“Apache Beam supports our mission to make the web a safer and better place by providing near-real-time visibility into traffic data for our customers, providing ongoing analysis and adjustments to our defenses, and neutralizing the impact of traffic spikes during DDoS attacks on the performance and efficiency of our platform.”
Efficient Streaming Analytics: Making the Web a Safer Place with Project Shield
Background
Project Shield, offered by Google Cloud and Jigsaw (a subsidiary of Google), is a service that counters distributed-denial-of-service (DDoS) attacks. Project Shield is available free of charge to eligible websites that have media, elections, and human rights related content. Founded in 2013, Project Shield’s mission is to protect freedom of speech and to make sure that, when people have access to democracy-related information, the information isn’t compromised, censored, or silenced in a politically-motivated way.
In the first half of 2022, Project Shield defended websites of vulnerable users - such as human rights, news, and civil society organizations or governments under exigent circumstances - against more than 25,000 attacks. Notably, Project Shield helped ensure unhindered access to election-related information during the U.S. 2022 midterm election season. It also enables Ukrainian critical infrastructure and media websites to defend against non-stop attacks and to continue providing crucial services and information during the invasion of Ukraine.
Marc Howard and Chad Hansen, the co-founding engineers, explain how Project Shield uses Apache Beam to deliver some of their core value. The streaming Apache Beam pipelines process about 3 TB of log data daily at significantly over 10,000 queries per second. These pipelines enable multiple product needs. For example, Apache Beam produces real-time analytics and critical metrics for over 3000 customer websites in 150 countries. These metrics power long-term attack analytics at scale, fine-tuning Project Shield’s defenses and supporting them in the effort of making the web a safe and free space.
Journey To Beam
The Project Shield platform is built using Google Cloud technologies and provides multi-layered defenses. To absorb part of the traffic and keep websites online even if their servers are down, it uses Cloud CDN for caching. To protect websites from DDoS and other malicious attacks, it leverages Cloud Armor features, such as adaptive protection, rate limiting, and bot management.
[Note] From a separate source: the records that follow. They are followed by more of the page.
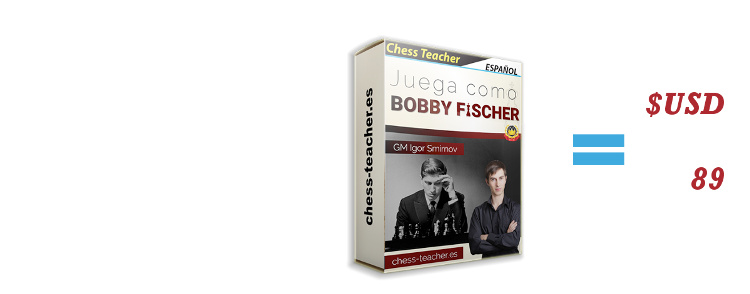 (Curso de ajedrez) Juega como Fischer del GM Igor Smirnov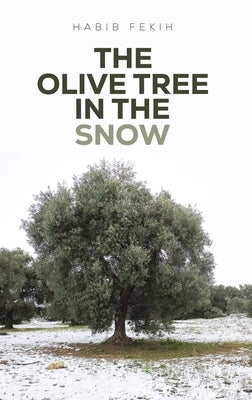 The Olive Tree in the Snow by Fekih, Habib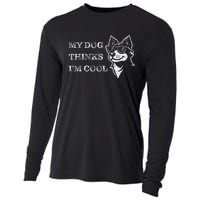 My Dog Thinks IM Cool Funny Dog Lover Pet Owner Cooling Performance Long Sleeve Crew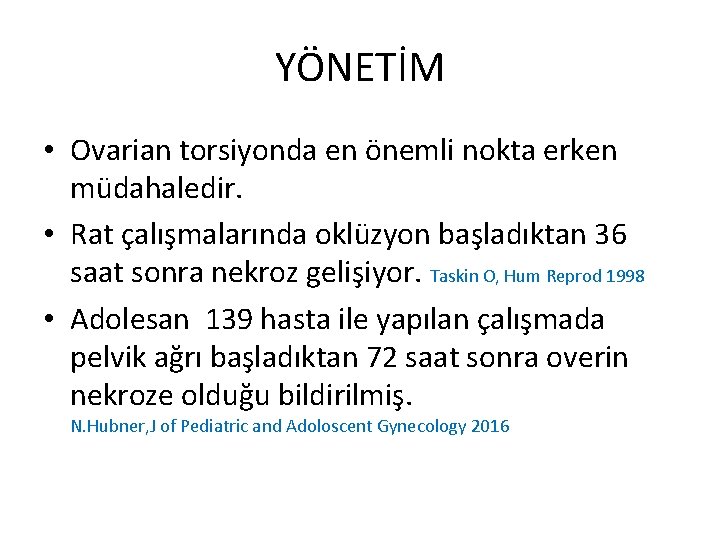 YÖNETİM • Ovarian torsiyonda en önemli nokta erken müdahaledir. • Rat çalışmalarında oklüzyon başladıktan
Project Shield acts as a reverse proxy: it receives traffic requests on a website’s behalf, absorbs traffic through caching, filters harmful traffic, bans attackers, and then sends safe traffic to a website’s origin server. This configuration allows websites to stay up and running when someone tries to take them down with a DDoS attack. The challenge is that, with a large portion of traffic blocked, the logs on customers’ origin servers no longer have accurate analytics about website traffic. Instead, customers rely on Project Shield to provide all of the traffic analytics.
Originally, Project Shield stored traffic logs in BigQuery. It used one large query to produce analytics and charts with different traffic metrics, such as the amount of traffic, QPS, the share of cached traffic, and the attack data. However, querying all of the logs, especially with dramatic spikes in traffic, was slow and expensive.
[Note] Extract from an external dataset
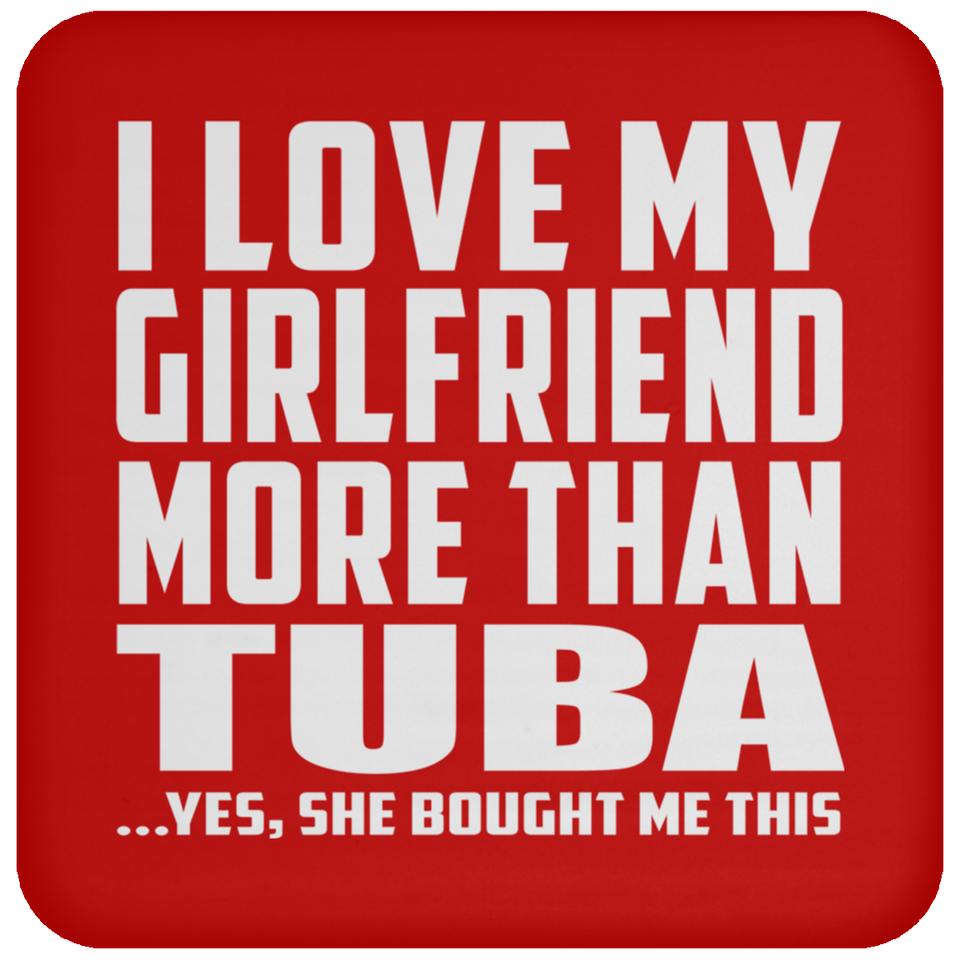 I Love My Girlfriend More Than Tuba - Drink Coaster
Often people want to know traffic metrics during critical times: if their website is under attack: they want to see what's happening right now. We need the data points to appear on the UI fast.
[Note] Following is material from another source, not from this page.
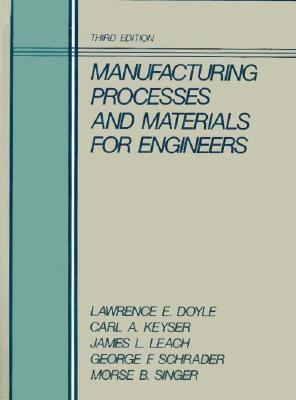 Manufacturing Processes and Materials for Engin... 0135559219 Book Cover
Project Shield’s team then added Firestore as an intermediate step, running a cron every minute to query logs from BigQuery and write the interim reports to Firestore, then using these reports to build charts. This step improved performance slightly, but the gain was not sufficient to meet critical business timelines, and it didn’t provide adequate visibility into historical traffic for customers.
Unlike BigQuery, Firestore was designed for medium-sized workloads. Therefore, it wasn’t possible to fetch many models at the same time to provide customers with cumulative statistics for extended time frames. Querying the logs every minute was inefficient from a cost perspective. In addition, some of the logs were coming to BigQuery with a delay, and it was necessary to run the cron again in 24 hours to double-check for the late-coming logs.
Querying over all of our traffic logs every minute is very expensive, especially when you consider that we are a DDoS defense service - the number of logs that we see can often spike dramatically.
Project Shield’s team looked for a data processing framework that would minimize end-to-end latency, meet their scaling needs for better customer visibility, and ensure cost efficiency.
They selected Apache Beam for its strong processing guarantees, streaming capabilities, and out-of-the-box I/Os for BigQuery and Pub/Sub. By pairing Apache Beam with the Dataflow runner, they also benefited from built-in autoscaling. In addition, the Apache Beam Python SDK lets you use Python across the board and simplifies reading data model types that have to be the same on the backend that consumes them and on the pipeline that writes them.
Use Cases
Project Shield became one of the early adopters of Apache Beam and migrated their workflows to streaming Apache Beam pipelines in 2020. Currently, Apache Beam powers multiple product needs with multiple streaming pipelines.
The unified streaming pipeline that produces user-facing analytics reads the logs from Pub/Sub while they arrive from Cloud Logging, windows logs per minute every minute, splits by the hostname of the request, generates reports, and writes the reports to BigQuery. The pipeline aggregates log data, removes Personally Identifiable Information (PII) without using a DLP, and allows for storing the data in BigQuery for a longer period while meeting the regulatory requirements. CombineFn allows Project Shield’s team to create a custom accumulator that takes the key into account when keying log data off the hostname and minute, combining the log data per key. If logs come in late, Apache Beam creates a new report and aggregates several reports per hostname per minute.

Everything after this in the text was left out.